Why does Perf and Papi give different values for L3 cache references and misses?

Tags:

I am working on a project where we have to implement an algorithm that is proven in theory to be cache friendly. In simple terms, if N is the input and B is the number of elements that get transferred between the cache and the RAM every time we have a cache miss, the algorithm will require O(N/B) accesses to the RAM.

I would like to show that this is indeed the behavior in practice. To better understand how one can measure various cache related hardware counters, I decided to use different tools. One is Perf and the other is the PAPI library. Unfortunately, the more I work with these tools, the less I understand what they do exactly.

I am using an Intel(R) Core(TM) i5-3470 CPU @ 3.20GHz with 8 GB of RAM, L1 cache 256 KB, L2 cache 1 MB, L3 cache 6 MB. The cache line size is 64 bytes. I guess that must be the size of the block B.

Let's look at the following example:

#include <iostream>

using namespace std;

struct node{
    int l, r;
};

int main(int argc, char* argv[]){

    int n = 1000000;

    node* A = new node[n];

    int i;
    for(i=0;i<n;i++){
        A[i].l = 1;
        A[i].r = 4;
    }

    return 0;
}

Each node requires 8 bytes, which means that a cache line can fit 8 nodes, so I should be expecting approximately 1000000/8 = 125000 L3 cache misses.

Without optimization (no -O3), this is the output from perf:

 perf stat -B -e cache-references,cache-misses ./cachetests 

 Performance counter stats for './cachetests':

       162,813      cache-references                                            
       142,247      cache-misses              #   87.368 % of all cache refs    

   0.007163021 seconds time elapsed

It is pretty close to what we are expecting.
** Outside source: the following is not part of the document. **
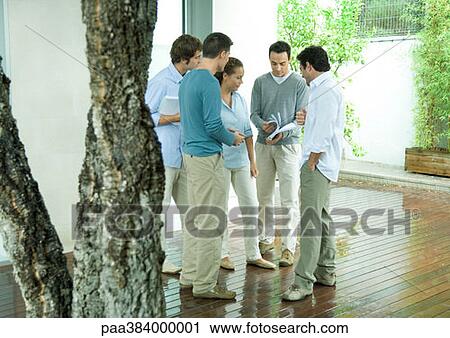 Stock Image - Group of casually dressed adults looking at documents, full length. Fotosearch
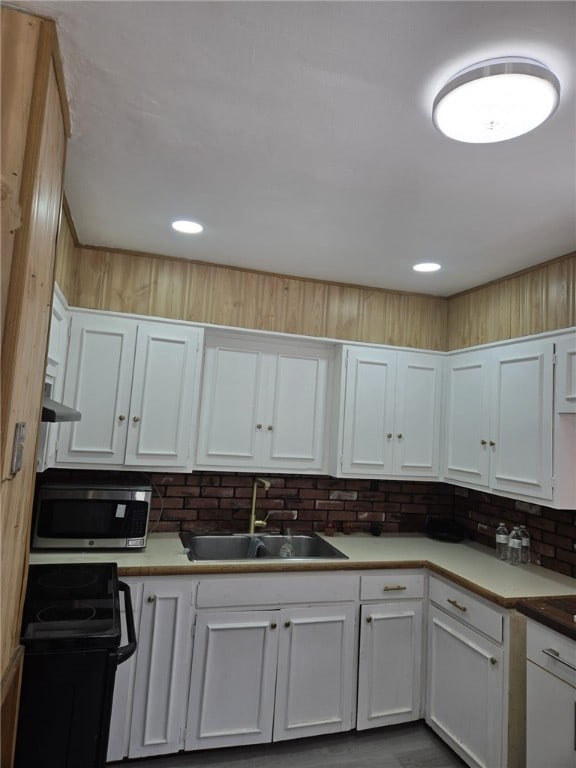 25 Wilson St, West Warwick, RI 02893 - kitchen featuring stainless steel microwave, light countertops, white cabinets, electric range oven, and a sink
Now suppose that we use the PAPI library.

#include <iostream>
#include <papi.h>

using namespace std;

struct node{
    int l, r;
};

void handle_error(int err){
    std::cerr << "PAPI error: " << err << std::endl;
}

int main(int argc, char* argv[]){

    int numEvents = 2;
    long long values[2];
    int events[2] = {PAPI_L3_TCA,PAPI_L3_TCM};

    if (PAPI_start_counters(events, numEvents) != PAPI_OK)
        handle_error(1);

    int n = 1000000;
    node* A = new node[n];
    int i;
    for(i=0;i<n;i++){
        A[i].l = 1;
        A[i].r = 4;
    }

    if ( PAPI_stop_counters(values, numEvents) != PAPI_OK)
        handle_error(1);

    cout<<"L3 accesses: "<<values[0]<<endl;
    cout<<"L3 misses: "<<values[1]<<endl;
    cout<<"L3 miss/access ratio: "<<(double)values[1]/values[0]<<endl;

    return 0;
}

This is the output that I get:

L3 accesses: 3335
L3 misses: 848
L3 miss/access ratio: 0.254273

Why such a big difference between the two tools?